Russell Gentry, associate professor of architecture and civil engineering at Georgia Tech, and student Yulizza Henao-Barragon set up scanning equipment on decommissioned wind turbine blades in Lincoln county. (Re-Wind)
The Kansas Reflector welcomes opinion pieces from writers who share our goal of widening the conversation about how public policies affect the day-to-day lives of people throughout our state. Shawna Bethell is a freelance essayist/journalist covering the people and places of Kansas, Nebraska and Missouri.
I remember the first time I saw a wind turbine.
I had just come driving out of a canyon in Utah and into an open valley. There stood three massive, languidly rotating harbingers of the future. Those were the early days of wind energy, and I found the mechanical structures not only fascinating but also artistic in their clean, white, elegant forms. Today, on our own western plains, turbines have become a ubiquitous part of the landscape, and in spite of controversies such as bird mortality and sound pollution, I’m proud of Kansas for being a leader in clean energy.
However, with those plentiful turbines comes the problem of what to do with hundreds of thousands of blades when they come out of commission. Made of fiber-reinforced polymer, the blades are neither biodegradable nor recyclable. Currently, the bulk of them either end up in landfills in states with enough space to take them, or they are incinerated. Both options have adverse environmental impacts.
However, efforts are being made to discover innovative ways to repurpose those turbine blades, and some of that innovation is happening in Kansas.
Through a National Science Foundation grant, Enel Green Power North America, based in Lenexa and operating the Smoky Hills I and II Wind Farm located in Lincoln County, and Re-Wind, an international organization seeking alternative ways to use decommissioned blades, are partnering to study repurposing blades for use as utility poles.
“The fiberglass, which is much like the hull of a boat, is very light and has amazing properties for strength,” says Russell Gentry, associate professor of architecture and civil engineering at Georgia Tech and project leader for the studies. “But by nature it is difficult to separate the fibers from the resin, making it very hard to recycle.”
However, according to Gentry, the blade material can be cut and modestly reshaped, allowing for the retention of its structural viability.
A study at Re-Wind.info further explains the life of a turbine blade is about 20 to 25 years before it is pulled from use. In that time, however, the durability of the fiberglass may only decrease by 10 to 20% from its original state, meaning there are second-life applications for which the material can be safely redesigned.
“Kansas is a hub of wind and renewable energy,” Gentry said. “I think that throughout the Midwest there will be a need, a demand, to connect that energy to the national grid.”

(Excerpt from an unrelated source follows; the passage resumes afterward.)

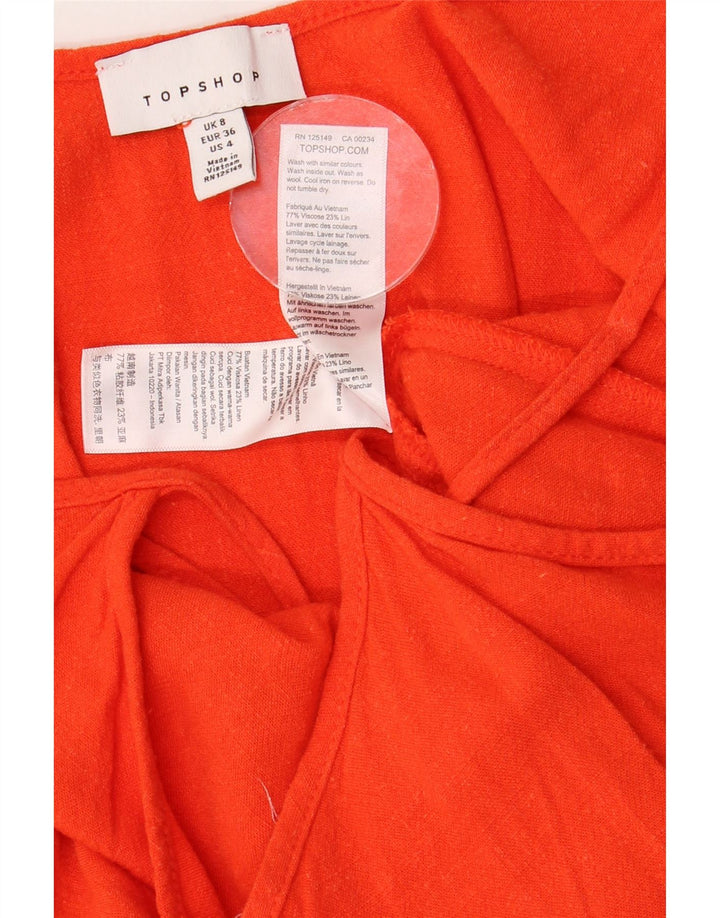 Topshop Canottiera corta da donna con cravatta sul davanti UK 8 piccola viscosa rossa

He sees the BladePole as a means to meet that need. He also explains that it is most cost effective to use the blades in the same region where they had their first life because the blades are up to 200 feet long, and long-distance transport would be extremely expensive.
“We know there is currently no silver bullet to solving these challenges,” said Beth Murphy, innovation analyst at Enel and project manager of the partnership with Re-Wind, “which is why we’re actively exploring several types of solutions for responsible handling of wind turbine blades.”

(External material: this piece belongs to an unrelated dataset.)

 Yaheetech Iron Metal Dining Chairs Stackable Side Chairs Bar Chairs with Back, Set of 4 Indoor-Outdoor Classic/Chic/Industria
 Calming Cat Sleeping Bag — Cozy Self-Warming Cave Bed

Murphy goes on to say that the state’s strong wind resource and available land enabled Enel Green Power to make significant investments in Kansas. The new technologies will allow the company to further invest in our sustainable economy.
With that in mind, Enel and Re-Wind are always looking for new ideas for the blades, and Gentry says that he recently met with a landowner in Lincoln county who had come up with some great ideas as to how repurposed turbine blades could be used in agriculture.
“There is a strong urge from the wind energy community to listen to their stakeholders,” Gentry said.
Within this collaboration, landowners and the state as a whole can benefit from a circular economy — one where a material’s second life has already been conceived and adapted by the time its first life ends.
Gentry is uncertain as to how long it will be before the BladePole might be put into circulation, because aside from structural viability, there are the complexities of risk assessments involved for carrying electrical lines. These must be completed before utility companies would be willing to sign on to using the technology, and rightly so.
However, information gathered from these studies will also be used for other Re-Wind projects, making Kansas a continued leader in the renewable energy industry and a committed participant in the move toward a sustainable, clean economy.